The teacher workshop: reflections and FAQ

If there's nothing else I've discovered this year during my web 2.0 journey it's that we, as teachers, have to be just as willing to learn as we expect our students to be. How can we promote 21st Century learning if we don't model it? What I've seemed to discover is that there's limitless possibilities on how these digital tools can be used. We need to experiment and implement.

Like most things in education, it needs to be done deliberately. My recent professional development venture went over well. I spent about an hour with 20 or so teachers; first we viewed Karl Fisch's Did You Know video and then discussed some possibilities for student writing using web 2.0 tools. At first, the conversation in the room was a little defensive and a tad negative. During and after the video, there was the typical teacher fear factor of "Oh no, more scare tactics about how things are changing so fast" and even a few "Oh my gosh, I'm so far behind when it comes to computers." Both I expected. However, what surprised me was that many teachers thought the video had a nationalistic bent, as if its purpose was to lament America's fall from premier position in the world, and how we need to regain it in the face of the surging populations of China and India. Some of my students made similar comments when I showed it to them.

The mood began to change when they saw my homework blog, where my sophomores had posted responses to Fisch's video. Using the SMARTBoard, I scrolled down through the student responses in the comments section (maybe some teachers were surprised to see so much writing) and read the teachers what Fisch had posted to my students in response. It was a powerful moment. Many teachers caught a glimpse of some of the possibilities out there.

That's when the workshop got more interesting and the teachers more enthused. I focused on my homework blog, where my sophomores were in the midst of posting comments about A Midsummer Night's Dream. I know it's not an ideal use of the blogging technology, but as I've come to realize it is a great entry point for newbie teachers. So I showed them what the students were writing. It prompted an interesting discussion on technology and student writing, and more important it got me thinking about how this might play out, or the best way to handle it in a 21st Century classroom.

After some initial discussion on the logistics, some interesting conversation emerged during the workshop. It went something like this:

What about grammatical and spelling mistakes? The kids still make them, just like they do on old fashioned paper. However, I haven't seen too much "text-speak" in their writing, using u for you and other common abbreviations. The reality is that the students know everyone is reading (theoretically). Just like any student writing, there are endless possibilities for mini-lessons. What's great is that the student writing is easy to access for use in a future lesson, whether it's cutting and pasting it into another form or simply sending the students back to the postings with a task that requires them to re-read, revise or re-think what they or their classmates wrote.
What about commenting on student work? As far as I know, there's not a way to do it like we are used to the old-fashioned way, the way many teachers envision it: taking out the red pen. Maybe that's a good thing.
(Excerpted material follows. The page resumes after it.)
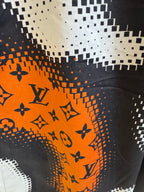 Louis Vuitton fabric detail with orange-and-black monogram pattern and dotted pixel effect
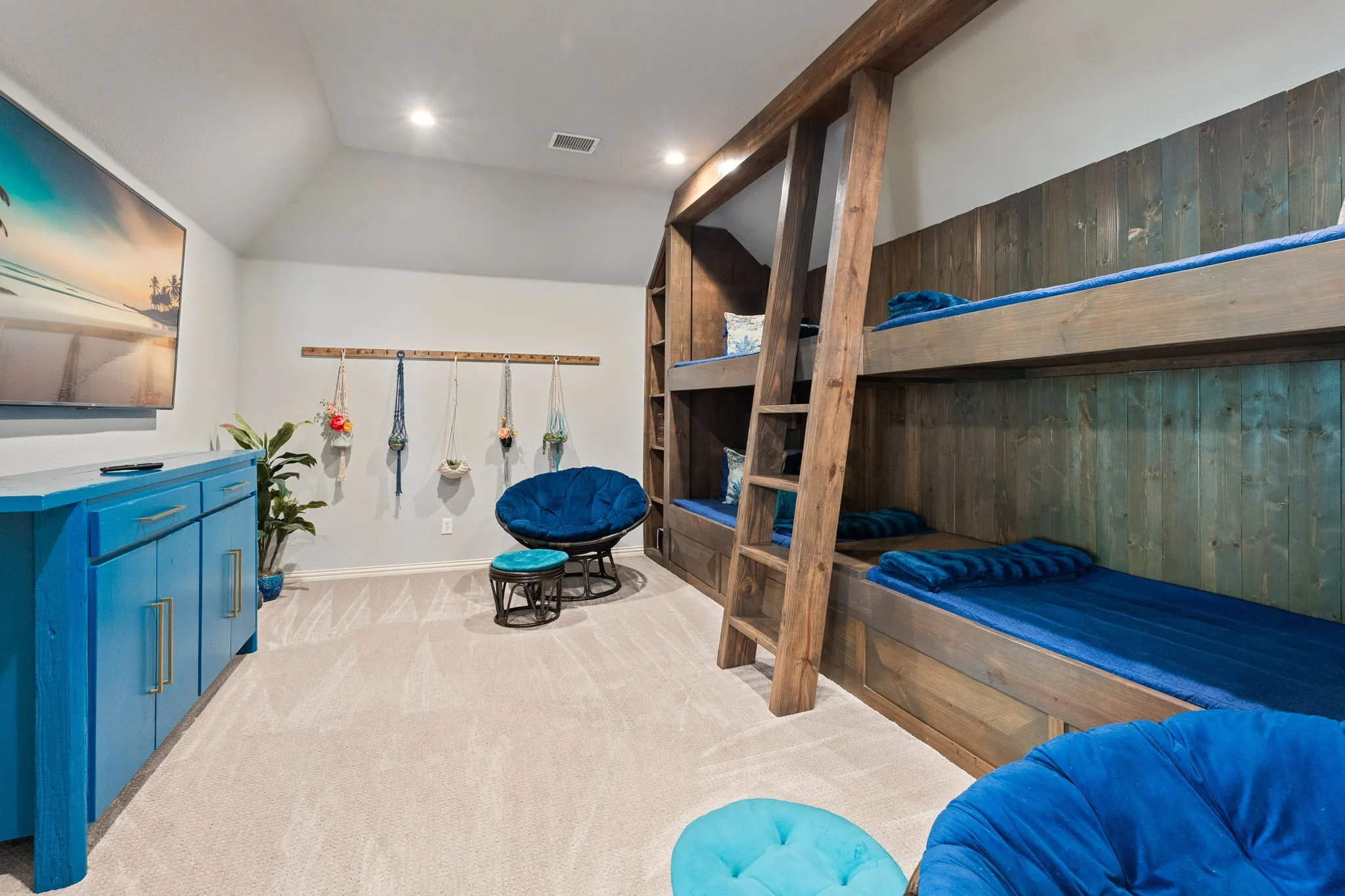Custom built-in bunk beds with wood-finish paneling, a vaulted ceiling, recessed lighting, and light-toned carpeting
Maybe it will open some of the teachers up to looking at the student's writing more holistically at first, instead of instinctively tracking down errors. Maybe it will encourage students to write more, eliminating the fear that whatever they do will just come back marked up and looking like Sonny Corleone at a Long Island tollbooth.
But how can we as teachers provide constructive feedback so they can learn and improve? I agree that having students post comments on a blog limits what the teacher can do when you compare it to traditional in-class essay writing. For me, it has meant I've looked at the comment writing as more of a place to "deposit" homework. It is by no means the only place students write. In fact, it has forced me to constantly rethink what I ask the students to do so that they are reinforced that what they write is not simply being checked off and ignored. I take their ideas and incorporate them into class discussions. I've projected their words onto the SMARTBoard as part of class lessons. From a teacher's perspective, I think I've done a better job at that most basic of pedagogical requirements: making learning relevant to the students and connecting new knowledge to prior knowledge. There's limitless possibilities in how the technology is useful in this area. Konrad Glogowski, for example, offers an innovative way to "comment on" and assess his students' work on their blogs. What he describes is more like conversations with the student writers as a way to encourage their growth. Isn't that where we should be striving as teachers?
Aren't the questions supposed to be asked in bold face? Sorry. I just got carried away.
How do students revise their writing? They can't change their comments. However, there's nothing says they can't take their comments and use them as part of another, longer, more formal writing assignment. This is where the limit of using the comment section lies. And this is where more discussion and experimentation needs to take place in the classroom. Discussions about providing students the means in the class to set up their own blog, link to one another, post regularly as part of class. Use the comment section to respond directly to a student's writing. This might address some of the feedback issues raised in an earlier post. Again, there's limitless possibilities on how to move in this direction.
But how do we tackle the larger issue of using blogging to improve student writing? That's the big question. And that's where many edubloggers spent a lot of time discussing and exploring. It takes time. It takes initiative. Ideally, it should not be done in isolation.
So what's next? That's an important question. Ideally, I'd like to get my students set up with their own blogs. With individual student blogs, some of the questions regarding individual teacher feedback and collaboration can be addressed. It's not easy and it requires some planning ahead thinking. We as teachers need to be experts (of sorts) using this technology or else we run the risk that what we do in the classroom will be nothing more than playing around with cool stuff. Ms. Sigman and Clay Burrell have recently address this issue. (Thank you Clay, for directing me to Ms. Sigman's new blog). In a recent post, Ms. Sigman says "In other words we can teach in a very techno-rich environment, but unless we put the tools in their [the students'] hands and teach them not only how to use them but how to learn the skills themselves what we teach in class will be irrelevant to their lives." I agree. It can't be in isolation and the purpose of blogging, or using wikis, or any other web 2.0 application can't simply be to just use it. Otherwise, we run the risk of making the use of some of these powerful applications seem like nothing more than things that are used only in a classroom, like writing a five-paragraph essay. The skills behind them have to extend beyond the classroom. As with anything in education, that growth and that learning starts with the teachers. It's no secret that we have to be willing to grow and learn along with our students. Here's where I think I'm echoing the general sentiment of what I've been reading these last several months. Patrick Higgins, in discussing virtual schools, says it quite succinctly but right on the nose: "Teaching will be different, and this will happen very soon. Teaching will require that we are risk-takers, savvy, and cavalier. Teaching will be different, or it will be irrelevant."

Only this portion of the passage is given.